The Gooris family itself also seems to be bored to death in ‘Expeditie Gooris’ on VTM

When I used to be short of inspiration for the description of the human condition, I sometimes went to McDonald’s in Ninove. There, on that great island in the tarmac sea that separates Rental Cars Chavatte from La Lorraine, I found enough gloom between two nuggets to turn the clearest sky jet black. Presumably the broadcasting schedule of VTM is established in a similar way. A short survey about a billiards, a poll among Crocs wearers, conducted by a broadcaster bobo in a Beerschot shirt: ‘And golle, what did golle na gère see?’ I don’t consider myself better, I know the places and they know me.

Frederick De Backer

Again and again the heirs appear Verdrengh-Depraetere intent on imagining even the poorest TV station as the dining room of Magritte, where genius drips from the walls between soup, chips and an occasional nugget, next to the draughty hall where VTM is scratching the mud off the soles. ‘Family’ is not yet on the tile or ‘Tiny House Battle’ comes crumbling again.

VTM: television for those who do not like television.

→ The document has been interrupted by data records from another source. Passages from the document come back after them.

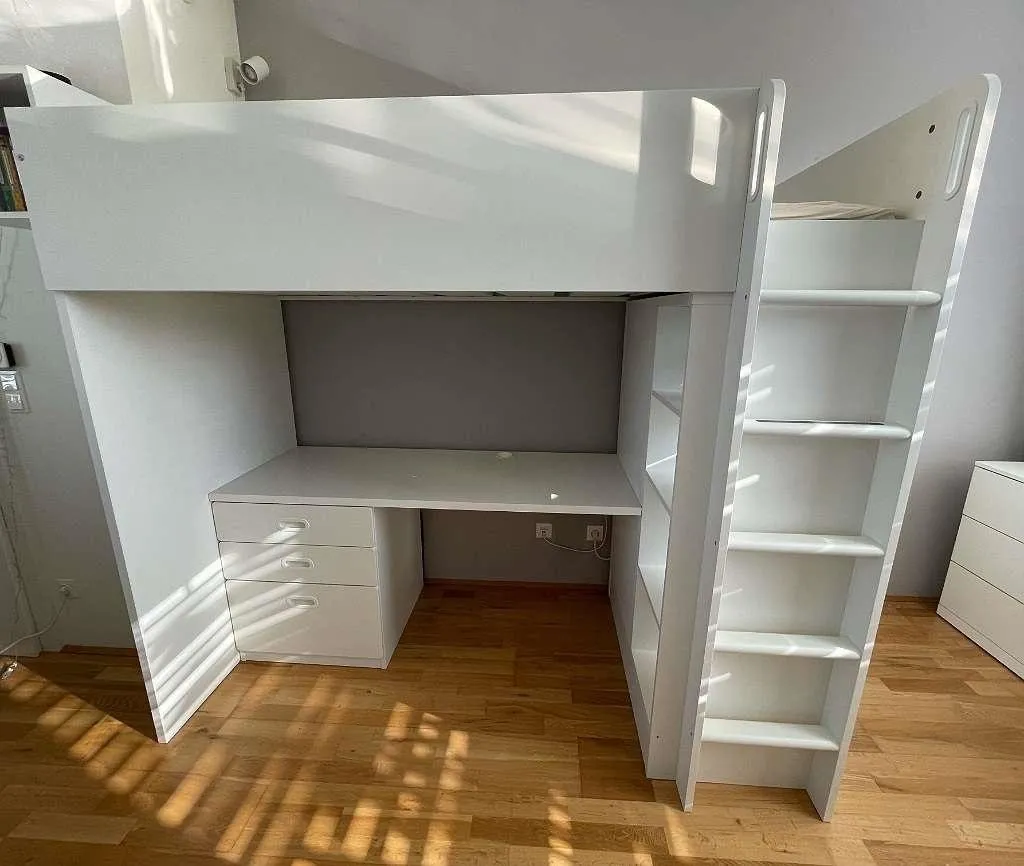 IKEA STUVA / SMÅSTAD Hochbett, weiß, 90x200 cm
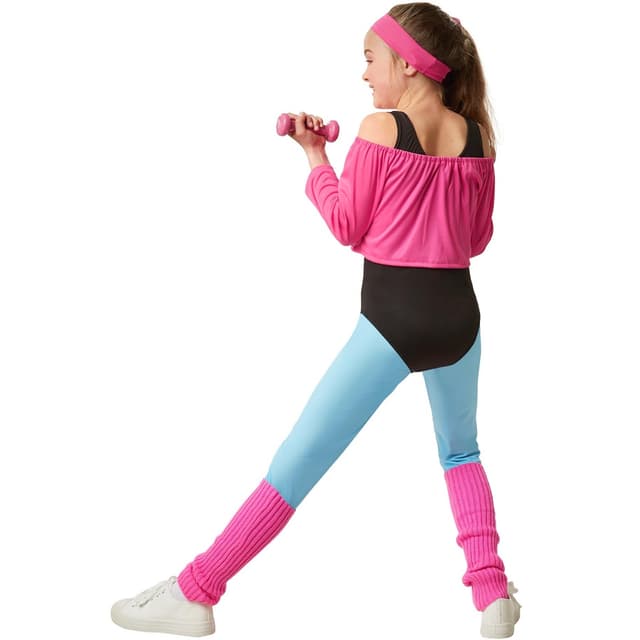 Fitness-stjerne børnekostume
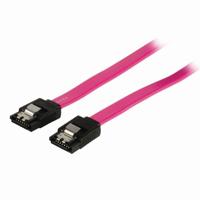 Nedis ccgp73150rd05 datakabel sata 3 gb/s sata 7-pins female met vergrendeling - sata 7-pins female met vergrendeling 0,5 m rood - thumbnail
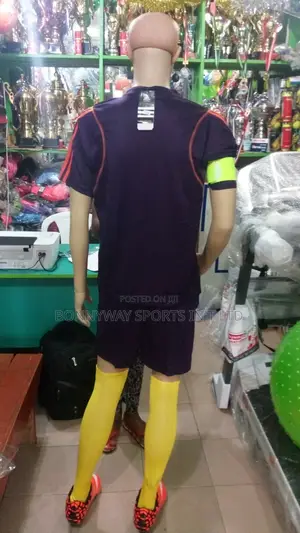 Complete Set Of Playing Jersey,With Boot,Hose,Captain Band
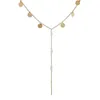 Choker Boemia Pearl Bar Paillettes Charm Girocolli Collana per donne Ragazze Gotico Collane a catena in lega d'oro Collane gioielli 9198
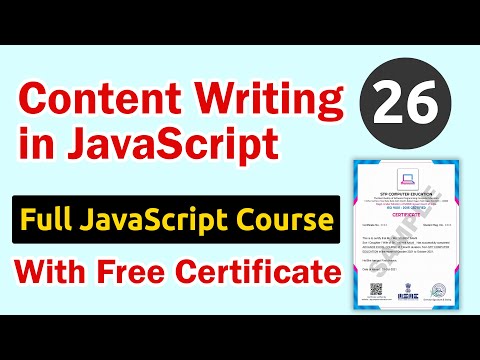 Content Writing in JavaScript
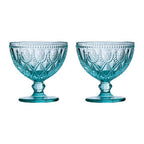 Set of Two Blue Glass Sundae Dishes | Fleur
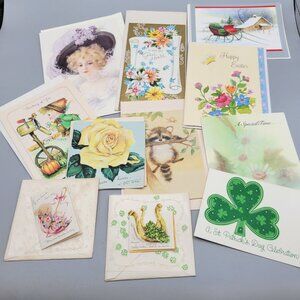 Vintage Greeting Cards Various Holidays Events 10 Cards 1 Invitation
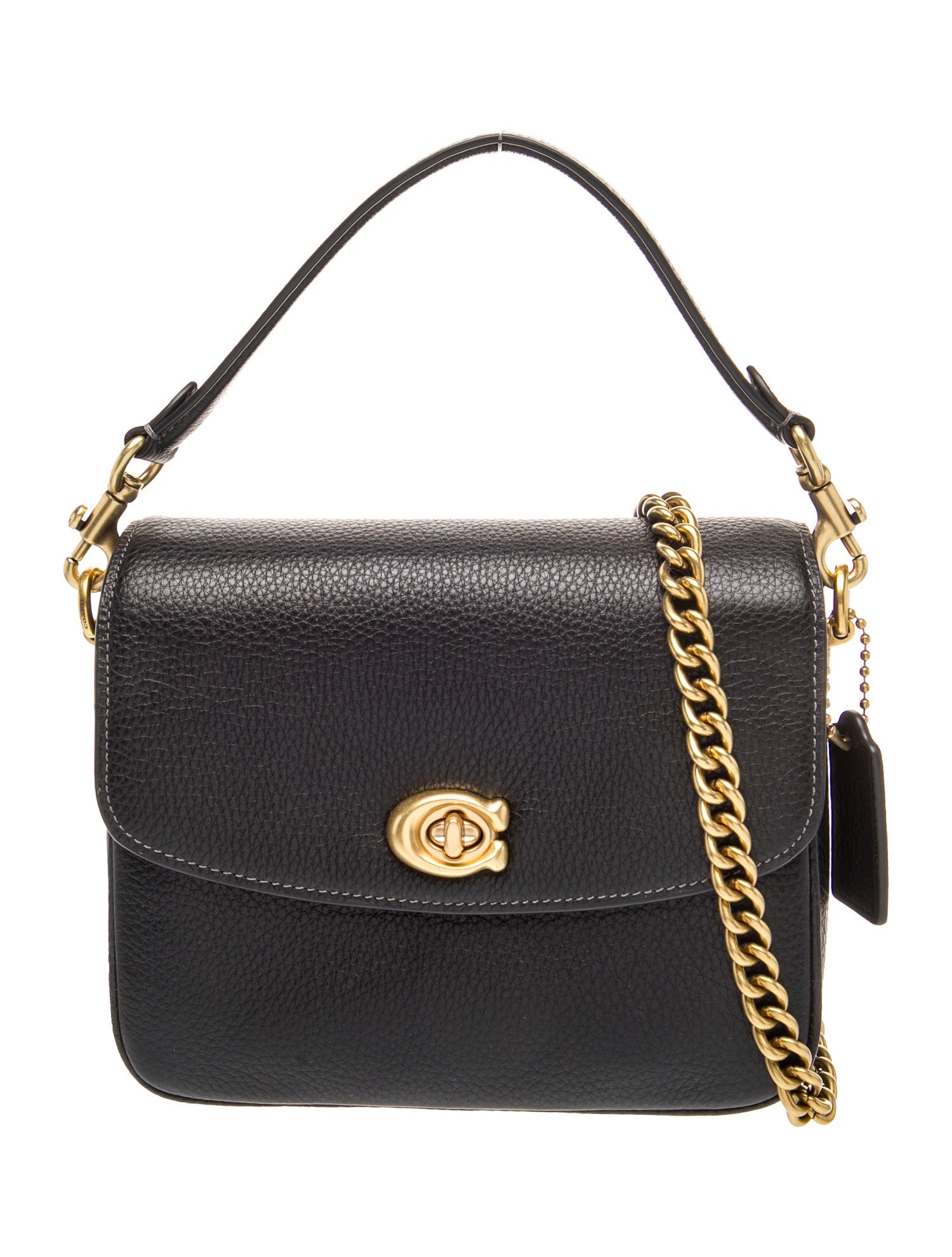 Leather Top Handle Bag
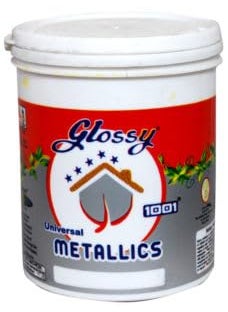 1001 1001 Glossy Universal Metalic Paint Gold | Smooth Luxury Finish | Idea For Walls,Gypsum Celling & Art, Craft & Paints Work.  - Image 1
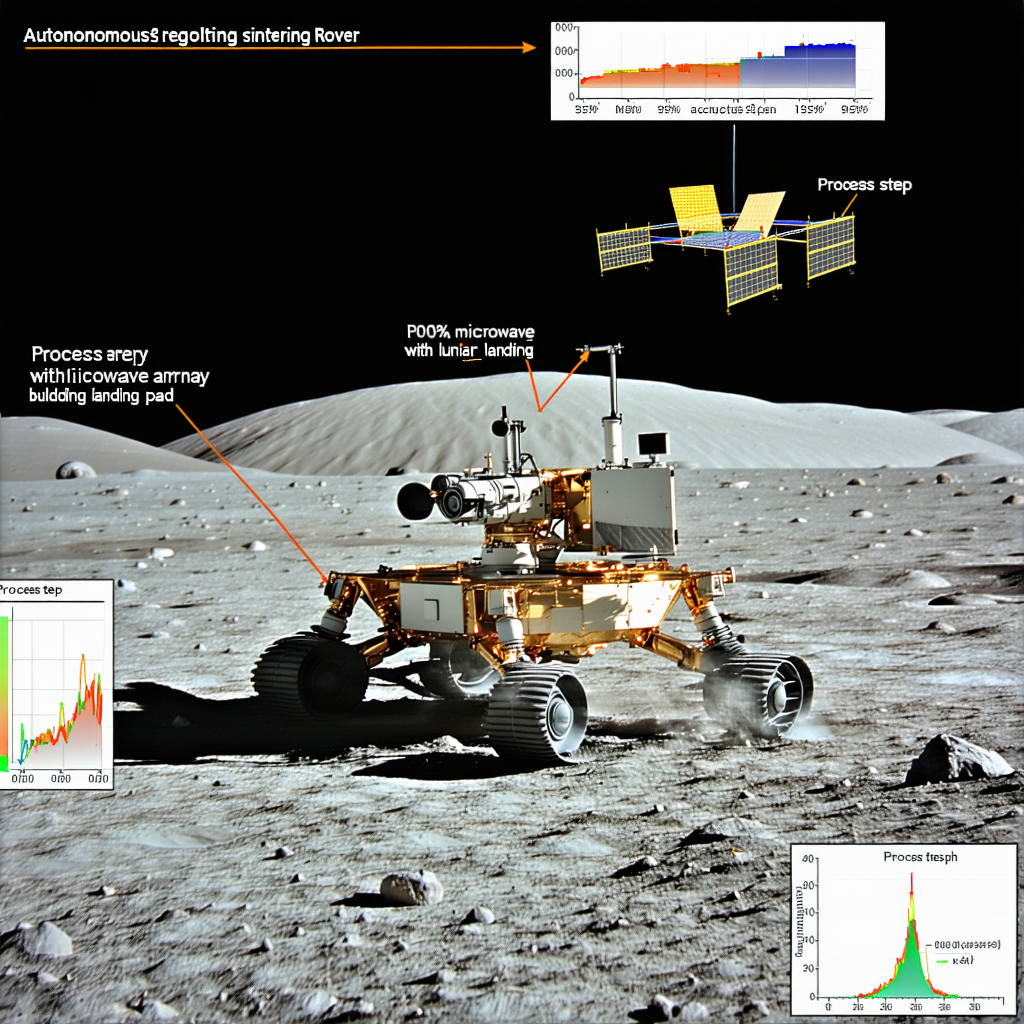 A Rover On The Moon, With A Close-up View Of The Rover's Front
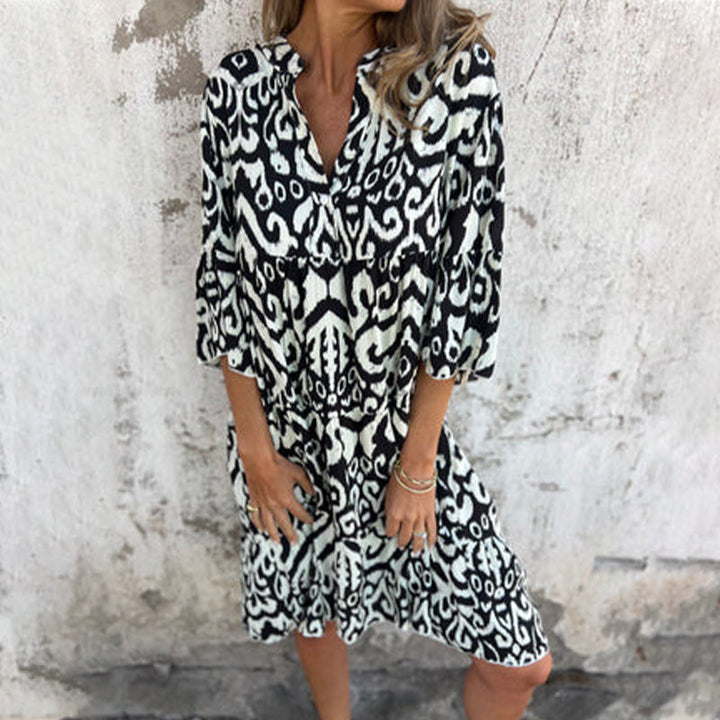 Aya™ | Chic Printed Dress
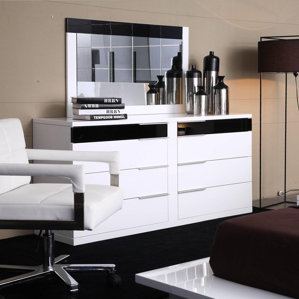 Sabra 8 Drawer Wood Dresser by Wade Logan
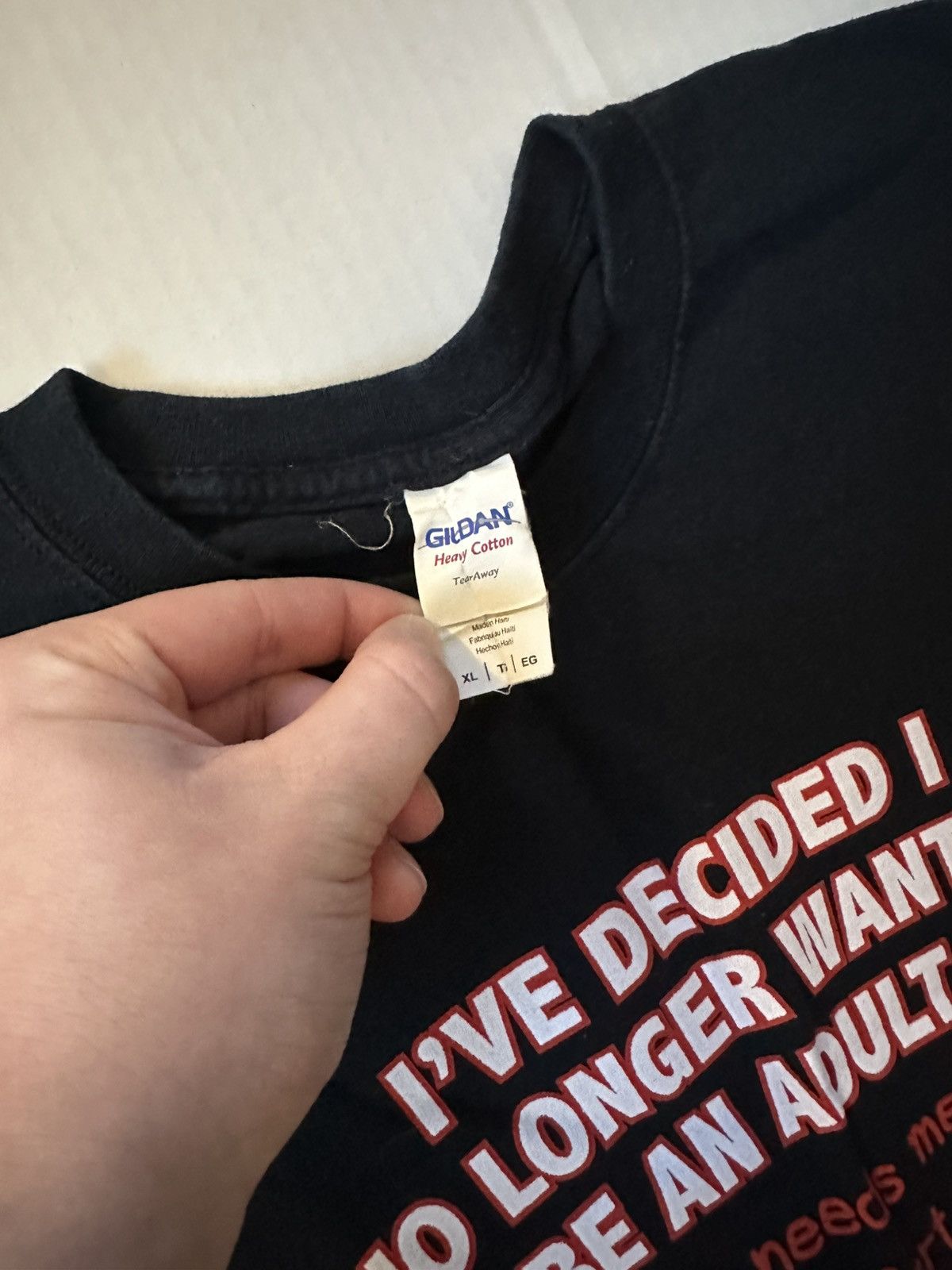 Vintage Funny shirt Size US XL / EU 56 / 4 - 3 Thumbnail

Bearing this in mind, production house Banijay put together a second season of ‘Expedition Gooris’ last autumn, a program that can be summarized as travel for those who do not like to travel. After sliding through Europe last year, the fairground clan is dragging itself through the United States this time, in this first episode specifically through Los Angeles, the Blankenberge of California – we’ve already had that. Whoever wants to learn something, better stay at home, unless it had to be the fact that son Kenji played baseball for three more years. Well, not everyone travels to learn, recovering as the four have to live off the shirt collar after another year of varying. Even the foursome themselves seem bored to death. It just rambles around and the little effort that is made invariably seems to be whispered by a cameraman, preceded by the words: ‘Say, and do you like this?’

Isn’t there any reason to watch? Anyway. Banal as the pursuits may be, at least what you see is real. At no point do you get the feeling that someone is playing a part, not even when progenitor Sam comes into the picture, for whom every scrap of ground under his feet is a new stage. The man doesn’t play an entertainer like so many other guys do; entertainment is the marrow in his bones. Kelly Pfaff genuinely seems like a good mother, the children are well brought up, and at all times you feel togetherness and affection. People also love in Blankenberge.

Of course I’d rather be shown around by something Stephen Fry or Michael Palinbut such a person is not allowed on the screen in Flanders, unless once on Canvas, panted all evening by a wagging Thomas Vanderveken. And to be honest, if people asked me which compatriot I would like to see a travel program hung on, then Sam Gooris was in the top ten, perhaps somewhere between Mark Uytterhoeven, Hugo Matthysen and what is left of William Elsschot in. Sam Gooris is completely alone on Rottumerplaat for a week, with no one but the seagulls to pour his dialect over. Bomans returned in a coffin, but Sam is sure to elicit some insight from it that would not displease the pellicule

The beauty in ‘Expeditie Gooris’ lies in a sentence like: ‘We (Sam and Kelly, ed.) will have time later to do things together, we choose to do as much as possible with you now.’ Simple, but therefore not banal.